That was the only way to describe it. Overtime all the air had been let out, leaving me feeling flat.
My birthday triggered it. After a difficult year I felt weighed down by it all. Birthdays mark a passing of a year and this was one that was now finally over. But it was all still there.
It was hard to describe. Hard to explain how I felt inside. So thats where I kept it. All bottled up.
When my friends suggested a little weekend jaunt to the country it seemed like a perfect way to escape.
We drove down the winding roads of Sussex until we reached our friend’s house. It was lovely to see all my oldest friends.
We ate and chatted away, until we were called to the garden. My friend had a stack of paper lanterns.
She wrote my name on one and handed me the pen. She told me we had to write our hopes and dreams on the lanterns.
Eventually after some thought I wrote my greatest hope for my 26th year.
That was it. I wanted to be happy this year. To enjoy it. To laugh and to live – instead of just exist. Birthdays don’t just mark a year passing, they are also about marking the year to come.

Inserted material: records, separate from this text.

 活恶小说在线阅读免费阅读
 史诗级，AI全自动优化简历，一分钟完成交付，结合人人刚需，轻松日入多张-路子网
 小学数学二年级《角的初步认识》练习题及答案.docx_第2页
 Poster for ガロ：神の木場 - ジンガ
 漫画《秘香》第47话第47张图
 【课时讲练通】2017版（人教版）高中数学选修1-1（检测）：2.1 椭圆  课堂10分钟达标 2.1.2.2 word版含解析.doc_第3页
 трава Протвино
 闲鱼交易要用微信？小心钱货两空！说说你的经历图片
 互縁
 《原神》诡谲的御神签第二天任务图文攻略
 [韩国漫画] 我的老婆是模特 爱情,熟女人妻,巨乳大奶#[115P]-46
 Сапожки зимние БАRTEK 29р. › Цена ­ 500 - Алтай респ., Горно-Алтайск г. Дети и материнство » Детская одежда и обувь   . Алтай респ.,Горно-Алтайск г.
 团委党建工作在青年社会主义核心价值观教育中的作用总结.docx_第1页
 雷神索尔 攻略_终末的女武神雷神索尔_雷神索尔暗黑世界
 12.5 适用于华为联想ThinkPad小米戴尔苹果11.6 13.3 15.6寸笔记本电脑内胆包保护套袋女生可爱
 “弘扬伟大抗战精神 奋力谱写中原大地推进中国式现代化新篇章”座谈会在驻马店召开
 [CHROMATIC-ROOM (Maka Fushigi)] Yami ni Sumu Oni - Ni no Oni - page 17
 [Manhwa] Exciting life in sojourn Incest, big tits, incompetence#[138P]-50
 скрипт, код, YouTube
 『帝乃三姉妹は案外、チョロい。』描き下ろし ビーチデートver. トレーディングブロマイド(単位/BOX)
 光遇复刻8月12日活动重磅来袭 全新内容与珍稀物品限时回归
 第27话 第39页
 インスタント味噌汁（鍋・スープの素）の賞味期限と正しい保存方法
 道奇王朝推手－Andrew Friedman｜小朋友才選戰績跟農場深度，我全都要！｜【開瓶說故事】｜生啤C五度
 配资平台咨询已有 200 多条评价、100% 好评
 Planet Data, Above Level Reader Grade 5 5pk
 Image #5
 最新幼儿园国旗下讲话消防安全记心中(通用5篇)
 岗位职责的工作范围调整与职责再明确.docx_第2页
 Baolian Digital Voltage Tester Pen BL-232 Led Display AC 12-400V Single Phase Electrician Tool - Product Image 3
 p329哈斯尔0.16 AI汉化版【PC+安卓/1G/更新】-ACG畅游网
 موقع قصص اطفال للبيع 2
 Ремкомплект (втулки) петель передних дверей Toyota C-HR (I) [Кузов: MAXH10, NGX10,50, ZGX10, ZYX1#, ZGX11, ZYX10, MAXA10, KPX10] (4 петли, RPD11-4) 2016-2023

I think the paper lantern meant a great deal more to me than it should have. For after the lantern was lit and the air began fill it, my heart began to swell too.
I walked out into a big space and with the help of my friends let it go.
I let it all go.
And we watched my lantern fly up into the clear night sky with all the others. Watching it float away taking with it all that weight that has been holding me down far away.